### Task:
Without changing a single word, write out every entry.
(Beginning of Task input)
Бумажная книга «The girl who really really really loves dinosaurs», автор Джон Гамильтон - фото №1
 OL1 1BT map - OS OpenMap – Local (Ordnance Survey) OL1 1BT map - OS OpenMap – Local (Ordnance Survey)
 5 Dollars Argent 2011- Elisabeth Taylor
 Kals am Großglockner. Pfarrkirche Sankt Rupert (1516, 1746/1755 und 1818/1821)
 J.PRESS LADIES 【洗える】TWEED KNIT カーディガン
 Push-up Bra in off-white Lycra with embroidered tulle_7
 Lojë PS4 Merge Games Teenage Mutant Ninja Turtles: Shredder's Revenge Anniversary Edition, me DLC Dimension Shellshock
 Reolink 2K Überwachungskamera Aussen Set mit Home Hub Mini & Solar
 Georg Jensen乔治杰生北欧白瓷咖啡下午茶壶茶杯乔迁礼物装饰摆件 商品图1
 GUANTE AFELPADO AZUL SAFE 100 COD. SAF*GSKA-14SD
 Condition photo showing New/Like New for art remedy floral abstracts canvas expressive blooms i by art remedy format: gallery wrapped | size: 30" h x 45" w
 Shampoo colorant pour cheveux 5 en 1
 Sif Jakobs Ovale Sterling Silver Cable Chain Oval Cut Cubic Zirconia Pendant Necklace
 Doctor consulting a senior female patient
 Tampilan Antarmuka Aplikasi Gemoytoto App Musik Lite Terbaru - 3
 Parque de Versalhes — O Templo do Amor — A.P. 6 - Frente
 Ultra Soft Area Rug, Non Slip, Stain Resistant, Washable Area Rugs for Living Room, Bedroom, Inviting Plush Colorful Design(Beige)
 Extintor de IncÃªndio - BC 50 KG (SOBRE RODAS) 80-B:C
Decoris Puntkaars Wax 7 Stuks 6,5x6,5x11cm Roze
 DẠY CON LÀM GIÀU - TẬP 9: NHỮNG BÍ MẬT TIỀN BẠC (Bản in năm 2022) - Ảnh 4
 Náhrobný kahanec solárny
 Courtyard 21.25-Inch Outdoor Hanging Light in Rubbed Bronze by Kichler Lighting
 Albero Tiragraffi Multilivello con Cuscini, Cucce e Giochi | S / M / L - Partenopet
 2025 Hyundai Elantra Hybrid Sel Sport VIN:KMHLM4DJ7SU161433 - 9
(End of Task input)
### Answer for this exercise:
Бумажная книга «The girl who really really really loves dinosaurs», автор Джон Гамильтон - фото №1
 OL1 1BT map - OS OpenMap – Local (Ordnance Survey) OL1 1BT map - OS OpenMap – Local (Ordnance Survey)
 5 Dollars Argent 2011- Elisabeth Taylor
 Kals am Großglockner. Pfarrkirche Sankt Rupert (1516, 1746/1755 und 1818/1821)
 J.PRESS LADIES 【洗える】TWEED KNIT カーディガン
 Push-up Bra in off-white Lycra with embroidered tulle_7
 Lojë PS4 Merge Games Teenage Mutant Ninja Turtles: Shredder's Revenge Anniversary Edition, me DLC Dimension Shellshock
 Reolink 2K Überwachungskamera Aussen Set mit Home Hub Mini & Solar
 Georg Jensen乔治杰生北欧白瓷咖啡下午茶壶茶杯乔迁礼物装饰摆件 商品图1
 GUANTE AFELPADO AZUL SAFE 100 COD. SAF*GSKA-14SD
 Condition photo showing New/Like New for art remedy floral abstracts canvas expressive blooms i by art remedy format: gallery wrapped | size: 30" h x 45" w
 Shampoo colorant pour cheveux 5 en 1
 Sif Jakobs Ovale Sterling Silver Cable Chain Oval Cut Cubic Zirconia Pendant Necklace
 Doctor consulting a senior female patient
 Tampilan Antarmuka Aplikasi Gemoytoto App Musik Lite Terbaru - 3
 Parque de Versalhes — O Templo do Amor — A.P. 6 - Frente
 Ultra Soft Area Rug, Non Slip, Stain Resistant, Washable Area Rugs for Living Room, Bedroom, Inviting Plush Colorful Design(Beige)
 Extintor de IncÃªndio - BC 50 KG (SOBRE RODAS) 80-B:C
Decoris Puntkaars Wax 7 Stuks 6,5x6,5x11cm Roze
 DẠY CON LÀM GIÀU - TẬP 9: NHỮNG BÍ MẬT TIỀN BẠC (Bản in năm 2022) - Ảnh 4
 Náhrobný kahanec solárny
 Courtyard 21.25-Inch Outdoor Hanging Light in Rubbed Bronze by Kichler Lighting
 Albero Tiragraffi Multilivello con Cuscini, Cucce e Giochi | S / M / L - Partenopet
 2025 Hyundai Elantra Hybrid Sel Sport VIN:KMHLM4DJ7SU161433 - 9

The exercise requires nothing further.